I think this study or at least the way it’s being covered by the media is deceptive because of the question “Do you want ads tailored to your interests?”. Very few people actually PREFER ads to having no ads at all right? If you changed this question to “Do you want ads on the websites you visit?” you’d probably get a similar 66% result or worse. If you changed this question to “Would you rather get an ad to punch a monkey, or an ad with a discount for that coat you were shopping for earlier this week” I’m pretty sure the answer would be that they’d prefer the tailored ad over the generic ad.
The study also pointed out that the 66% gets even worse when people are told how those tailored ads can happen due to their behavior being tracked on the web and in offline stores. For people who are not very familiar or comfortable with how advertising on the web works and what happens with the data that is collected, this tracking sounds very scary. Their natural assumption is to believe there is some easily readable record that has their name and contact information along with all the exact things they did on the web. The reality is that the above board companies are keeping this data non-personally identifiable and that no human actually ever really looks at the data.
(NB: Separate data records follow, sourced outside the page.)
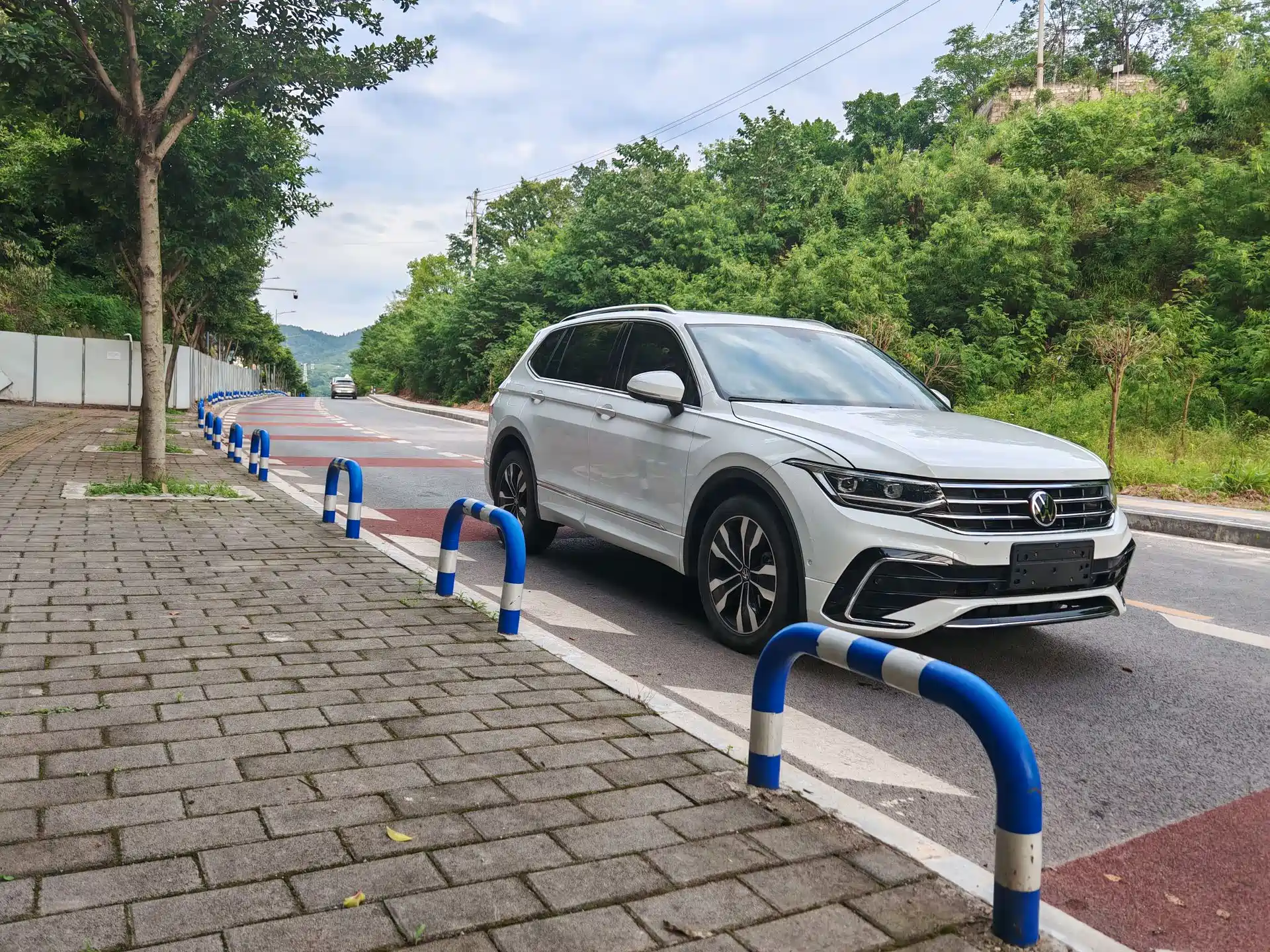 Фото 1 - Volkswagen Tiguan L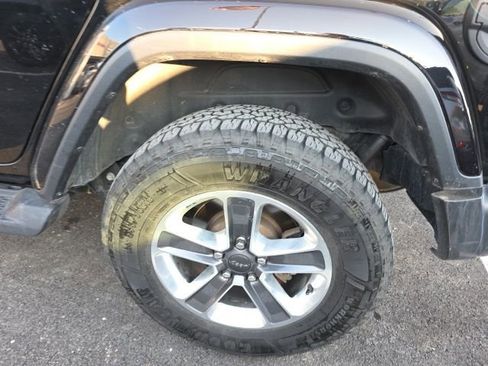 Used 2020 Jeep Wrangler Unlimited Sahara image 48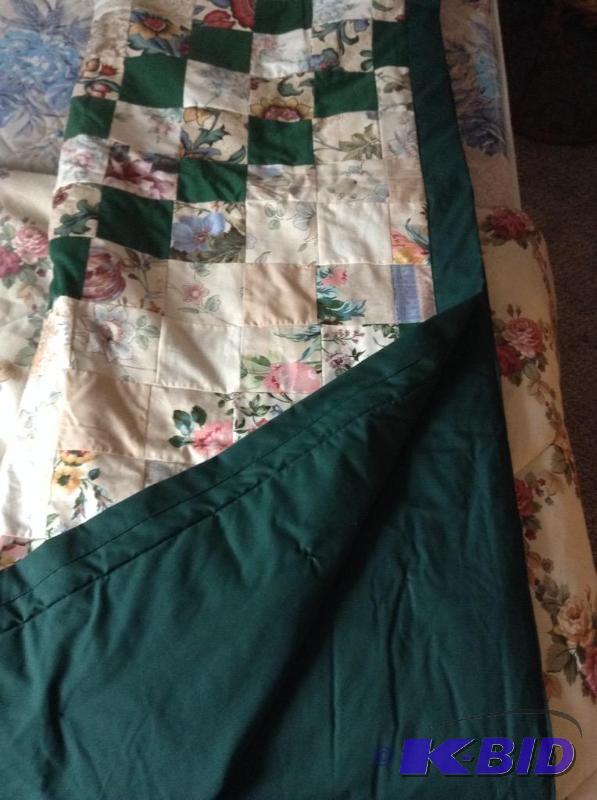 lot 275 image: Twin Quilt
Like most people I’m interested in privacy, but after years in the industry and knowing how this information is used I’d much rather have ads that are tailored to me based on my browsing behavior than generic ads that have no value.
There are far more dangerous things that can be done with data from the web by far more dangerous people than advertising companies. People should be much more concerned about that than behavioral targeting.
The bottom line is though that there isn’t enough consumer control over what data is exposed, to who, and why. This is where I think the happy medium will come in the future. People will become more comfortable when they understand it and are given more control over their data. Education is the key, and online marketers and advertising companies need to lead this educational effort.